== EXERCISE REQUIREMENTS ==
Please retype the records below exactly as they appear, but leave out the pictures.

== TASK INPUT ==
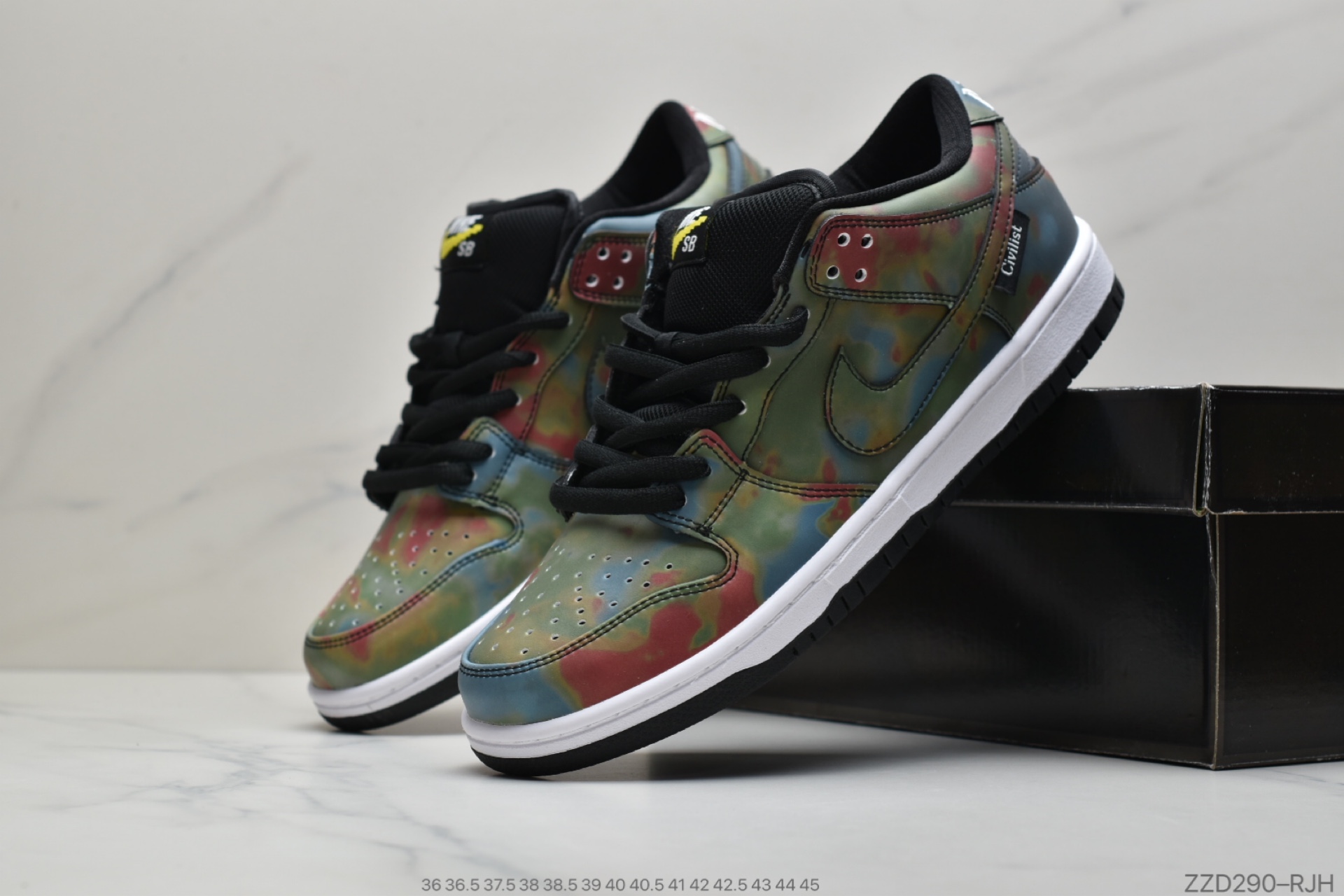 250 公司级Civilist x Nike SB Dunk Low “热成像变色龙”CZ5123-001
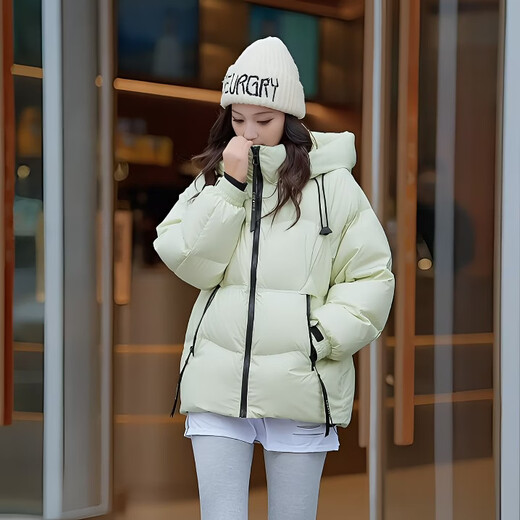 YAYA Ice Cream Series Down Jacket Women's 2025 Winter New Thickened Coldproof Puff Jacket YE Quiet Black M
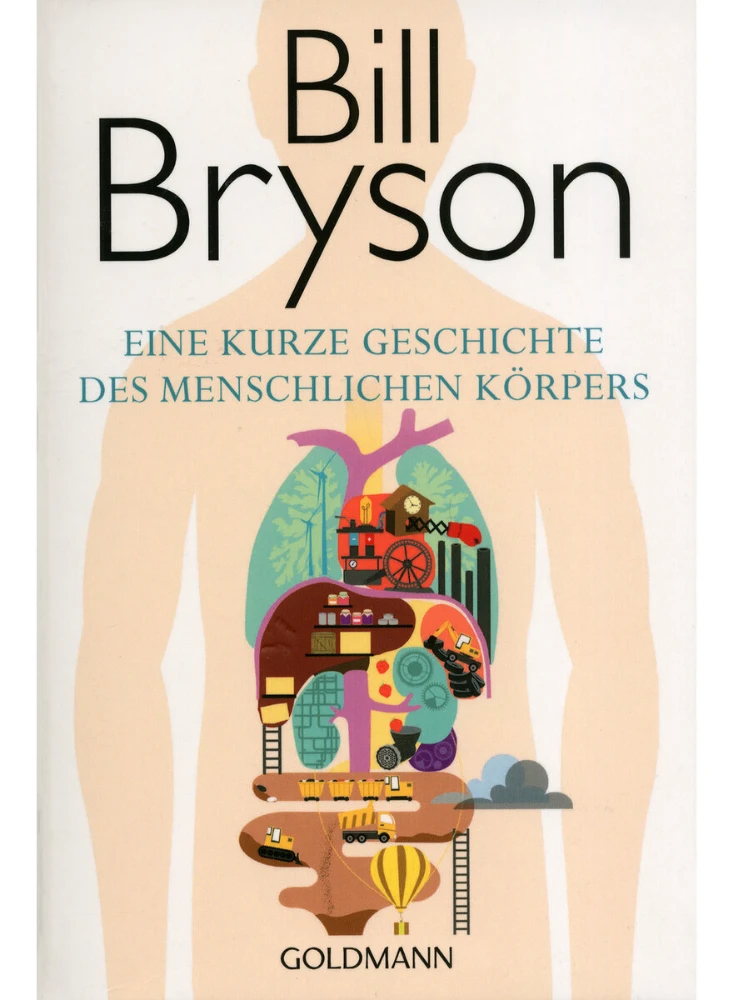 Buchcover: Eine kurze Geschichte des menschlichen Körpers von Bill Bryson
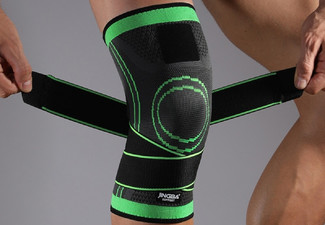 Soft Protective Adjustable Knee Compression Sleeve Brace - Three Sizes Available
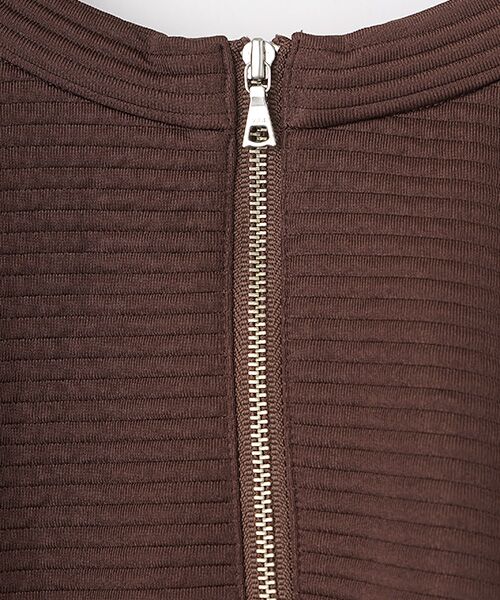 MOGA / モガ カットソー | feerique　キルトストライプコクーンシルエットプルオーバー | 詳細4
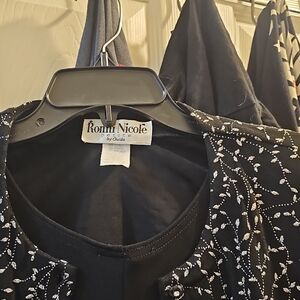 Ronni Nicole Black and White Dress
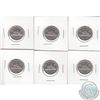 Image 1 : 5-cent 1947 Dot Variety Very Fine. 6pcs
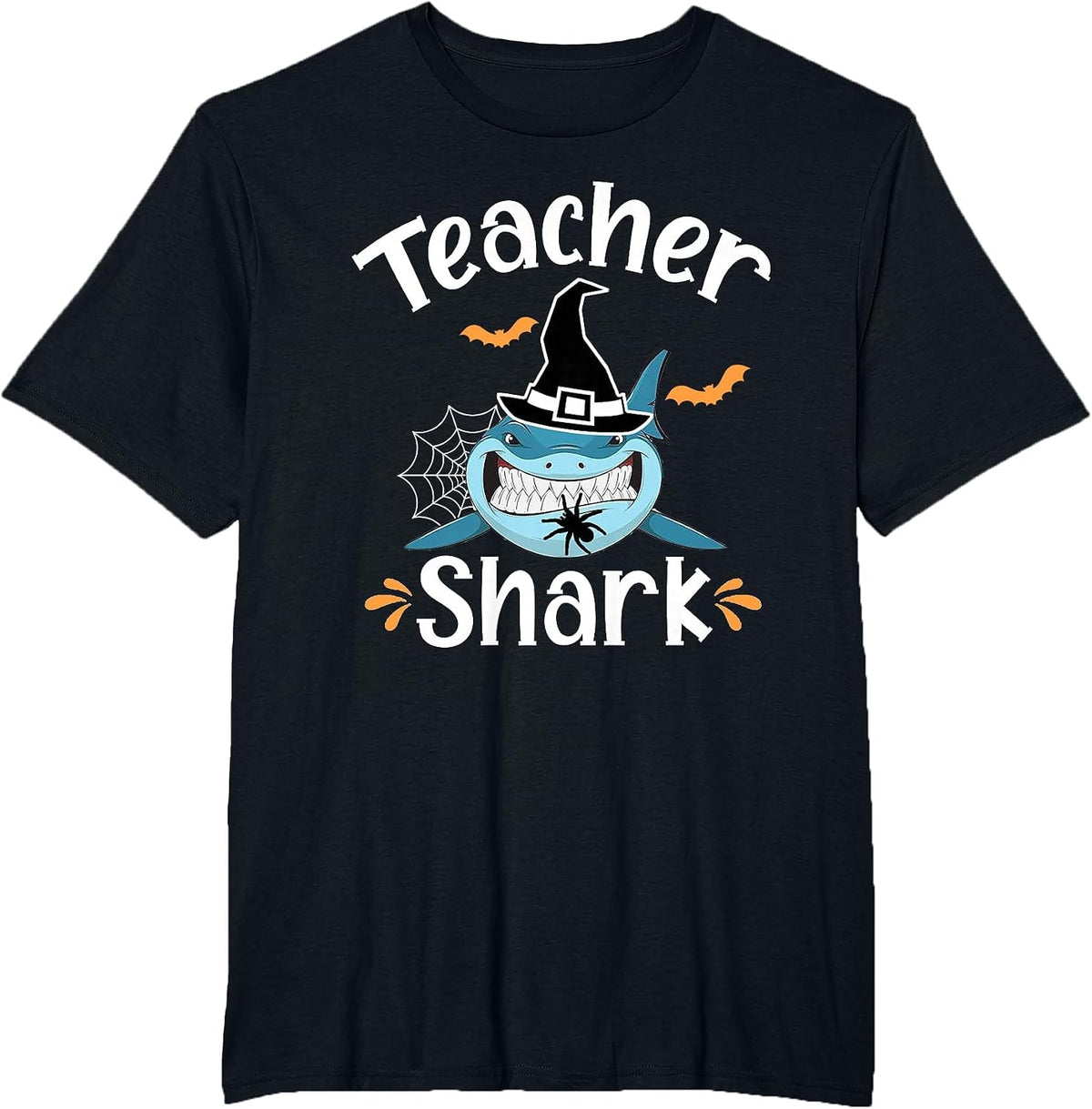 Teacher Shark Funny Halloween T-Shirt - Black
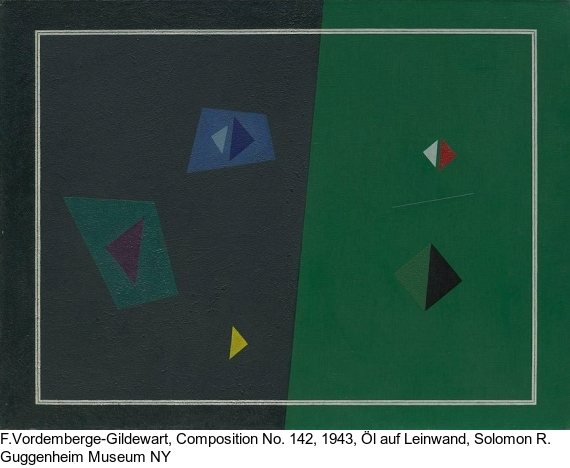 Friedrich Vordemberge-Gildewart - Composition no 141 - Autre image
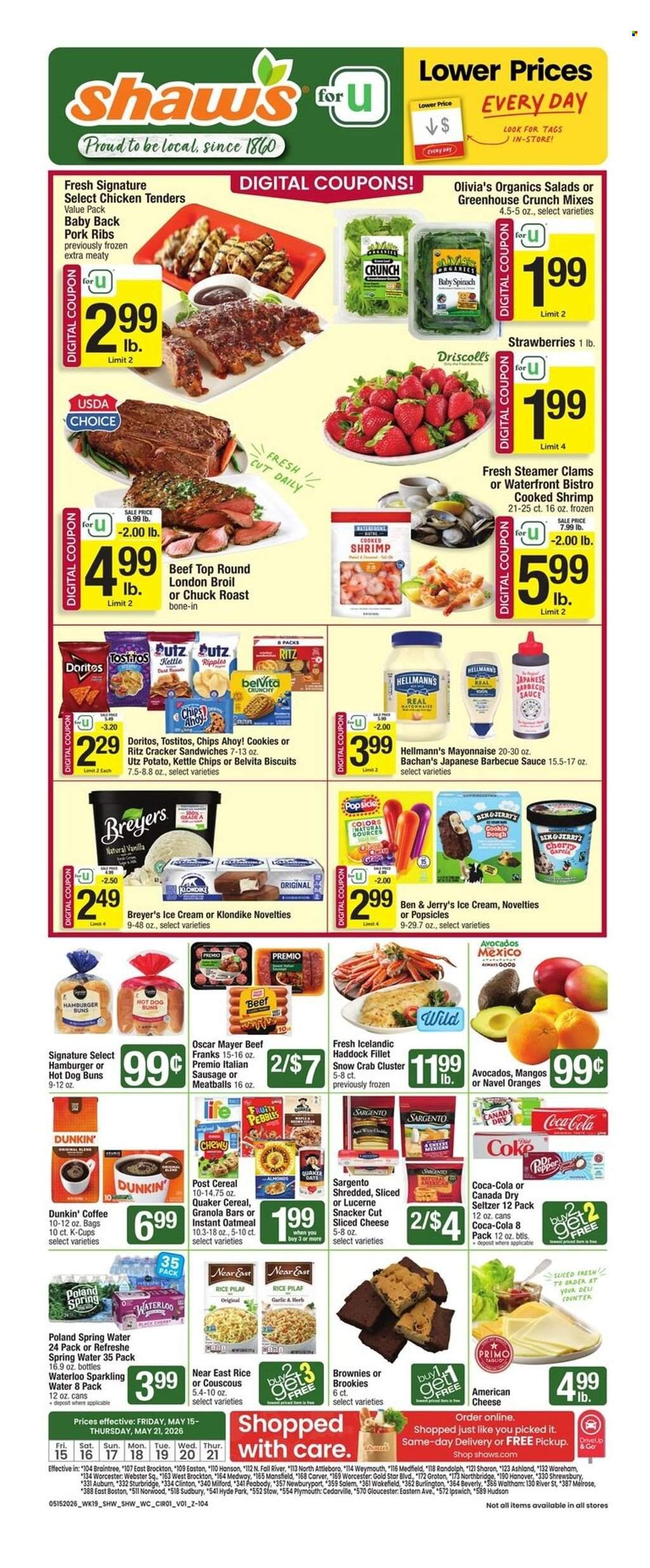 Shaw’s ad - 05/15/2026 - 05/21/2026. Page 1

== SOLUTION TO THE PROBLEM ==
 250 公司级Civilist x Nike SB Dunk Low “热成像变色龙”CZ5123-001
 YAYA Ice Cream Series Down Jacket Women's 2025 Winter New Thickened Coldproof Puff Jacket YE Quiet Black M
 Buchcover: Eine kurze Geschichte des menschlichen Körpers von Bill Bryson
 Soft Protective Adjustable Knee Compression Sleeve Brace - Three Sizes Available
 MOGA / モガ カットソー | feerique　キルトストライプコクーンシルエットプルオーバー | 詳細4
 Ronni Nicole Black and White Dress
 Image 1 : 5-cent 1947 Dot Variety Very Fine. 6pcs
 Teacher Shark Funny Halloween T-Shirt - Black
 Friedrich Vordemberge-Gildewart - Composition no 141 - Autre image
 Shaw’s ad - 05/15/2026 - 05/21/2026. Page 1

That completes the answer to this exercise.